Kernel audit output is inconsistent, hard to parse

Steve Grubb sgrubb at redhat.com
Wed Jan 30 16:01:09 UTC 2008


On Wednesday 30 January 2008 10:34:00 Paul Moore wrote:
> On Wednesday 30 January 2008 9:21:34 am Steve Grubb wrote:
> > On Tuesday 29 January 2008 17:56:36 John Dennis wrote:
> > > The bottom line is one cannot parse the audit messages without special
> > > case knowledge of each audit message because the data formatting does
> > > not follow any regular rules.
> >
> > Hence the audit parsing library. The idea is to abstract this away so
> > that anyone wanting to write a tool does not need to study all the
> > messages and figure out the parsing rules.
> >
> > The way forward has to be the audit parsing library. At this point, there
> > are tools developed around these messages and making wholesale changes
> > will break them.
>
> Okay, while userspace backwards compatibility is a valid and important
> concern,

That is what blocks any change. As long as we have apps that do their own 
parsing, we will break them all.


> That said, don't take my comments to mean that I disagree with a userspace
> library to parse audit events, I think that is a good idea.  What I think
> is a bad idea is using it as an excuse to fix the kernel.

That's not what i was saying.
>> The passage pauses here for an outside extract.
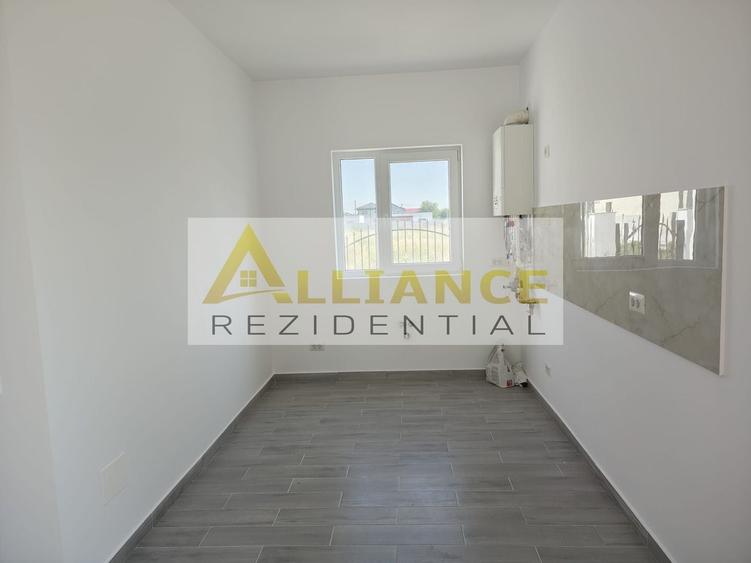 Duplex cu 4 camere cu Canalizare în Berceni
I said that using it is the way to allow changes 
to be made. We need to decouple the data representation from the apps, then 
we can tinker under the hood and make changes to just 1 library so that 
everything still works. If we don't, you will have to fixup all apps that 
parse audit data directly. (Which will be broken soon anyways.)


> > This is the reason that the SE Linux messages are such a mess.
> > I've raised my concern with the developers on the selinux mail list and
> > they essentially told me they are not willing to make any changes. But
> > they did agree to some keywords for the fields you mention so that we
> > could go ahead and code tools.
>
> I have a sneaking suspicion that if we made audit work better we could also
> make it work better for SELinux.

Only if you had a willingness for them to change their tools. Last time I 
checked, they weren't interested as it would introduce a lot a rework for a 
problem they don't care about. Feel free to point out their format doesn't 
follow our convention. If you can convince them to change, super. I couldn't. 
I agree that it would be nice if they could make some changes. But they are a 
separate community from us.


> > > Most of these problems can easily be fixed if there is exactly one
> > > central place to format an audit field value.
> >
> > This is what we've done with user space. As for the kernel, essentially
> > there is no maintainer or anyone interested in doing audit work. I pretty
> > much have to force people to touch it. So, good luck getting kernel work
> > done.
>
> I thought you/Eric/Al were the maintainer(s)?  No?  Okay, fine.

I'll let them speak for themselves. I review the code and have a wishlist that 
I can sometimes get people to work on. Sometimes I do the work when no one 
else will.


> > This is the answer in so many ways. In order to make any change, you have
> > to decouple applications from the actual data structure. You cannot
> > normalize the data without breaking somebody somewhere.
>
> That is why we have compatibility "modes",

So are you suggesting that a new auditctl command be introduced to tell the 
kernel to leave AVC's the way they are?